Lay health workers were community members recruited from senior centers and other community settings in the Los Angeles area who received $5 for every completed phone call and reimbursement for phone charges. Thirty-one lay health workers of diverse ethnic backgrounds were recruited: 20 Latina, eight Caucasian, two African-American, and one Asian.
Through a 7-week training program provided by the Center for Healthy Aging (formerly the Senior Health and Peer Counseling Center) in Santa Monica, CA, lay health workers learned basic counseling skills (e.g., listening, paraphrasing, probing, reinforcing, and summarizing), general breast abnormality/cancer information, and hospital-specific information regarding the structure and functioning of the County health system (e.g., resources and payment options). Lay health workers received a specially prepared manual summarizing communication hints and techniques, and general medical information, and attended monthly supervision meetings to share their experiences and discuss specific cases and issues related to the telephone sessions and/or the research study.

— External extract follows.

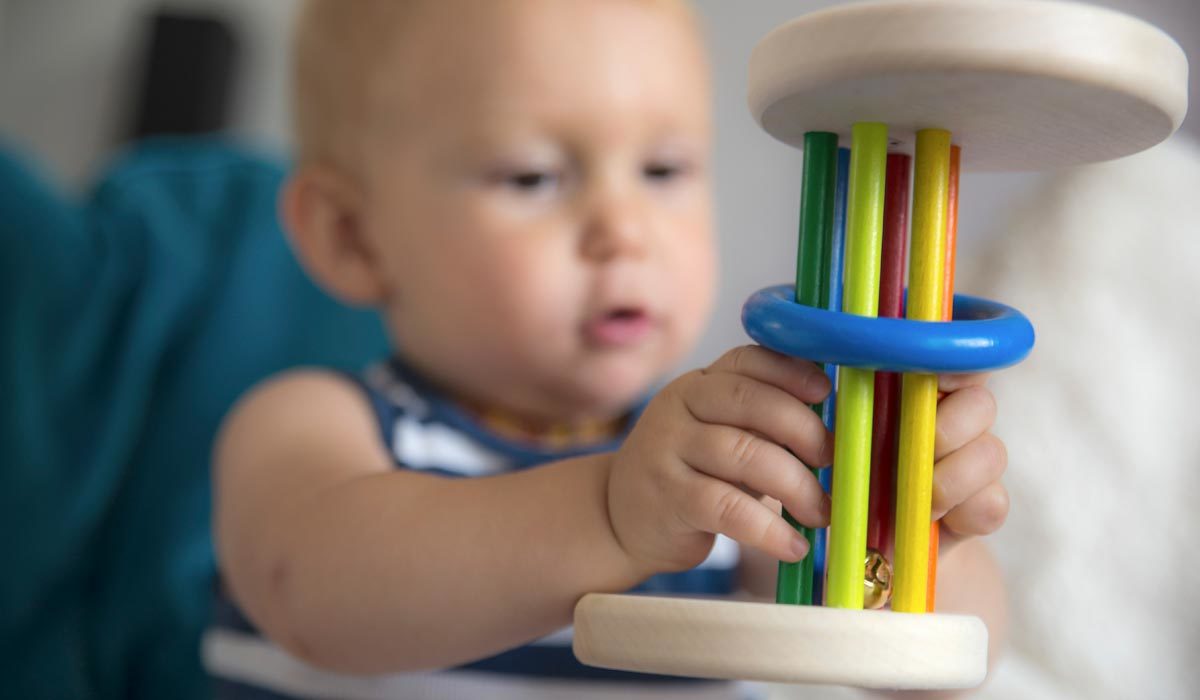 Bébé apprend à jouer avec un hochet en bois coloré sur un canapé bleu.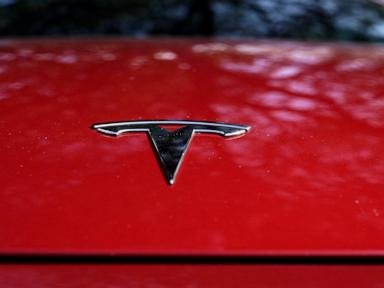 Tesla’s stock slides after profits come up short and EV maker warns of slowing growth in 2024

Patients and lay health workers were paired by matching them first on language preference followed by ethnicity and age, and time availability of the lay health worker and a patient's preference for receiving phone calls. A summary of each professional health worker session was given to the lay health worker, who attempted to call women 2 to 4 days before and after each follow-up appointment. Calls were designed to provide ongoing informational, emotional and social support, encouragement to attend clinic appointments, and assistance in navigating the system. Women received an average of about six intervention phone calls, each lasting 5 to 15 minutes. Women who received a cancer diagnosis (n = 92) during the intervention phase continued to receive support calls until completion of treatment, even beyond the 6-month follow-up period. This was done as a service activity and was not part of the intervention trial or data collection.
Data collection
Data on new patient referrals were collected weekly from the Surgery and Radiology Departments at both hospitals. Study staff made weekly visits to Hospital A and photocopied referral forms received throughout the week, and generated computer printouts of patients with scheduled appointments and patients who had kept their appointment the previous week. At Hospital B, Surgery staff faxed copies of referral forms on a daily basis and clinic appointment lists on a weekly basis. Because few referrals came through Radiology at Hospital B, we periodically visited Radiology for copies of referral forms.
Chart audits were completed for 98% (n = 1,671) of study participants. Medical records (paper charts) for each study participant were reviewed retrospectively on site at each hospital 1 year after the index referral. To facilitate complete medical record data abstraction at 1 year, we collected weekly appointment lists from Surgery and Radiology Departments to track appointment dates and attendance. An appointment history for each woman helped us systematically sift through an entire medical record folder. Missing charts (2%) were requested at least twice from the hospital's medical records office. Abstraction of a medical record was considered complete when we confirmed diagnostic resolution of an abnormality or we could find no additional appointment records after requesting the chart at least twice from medical records.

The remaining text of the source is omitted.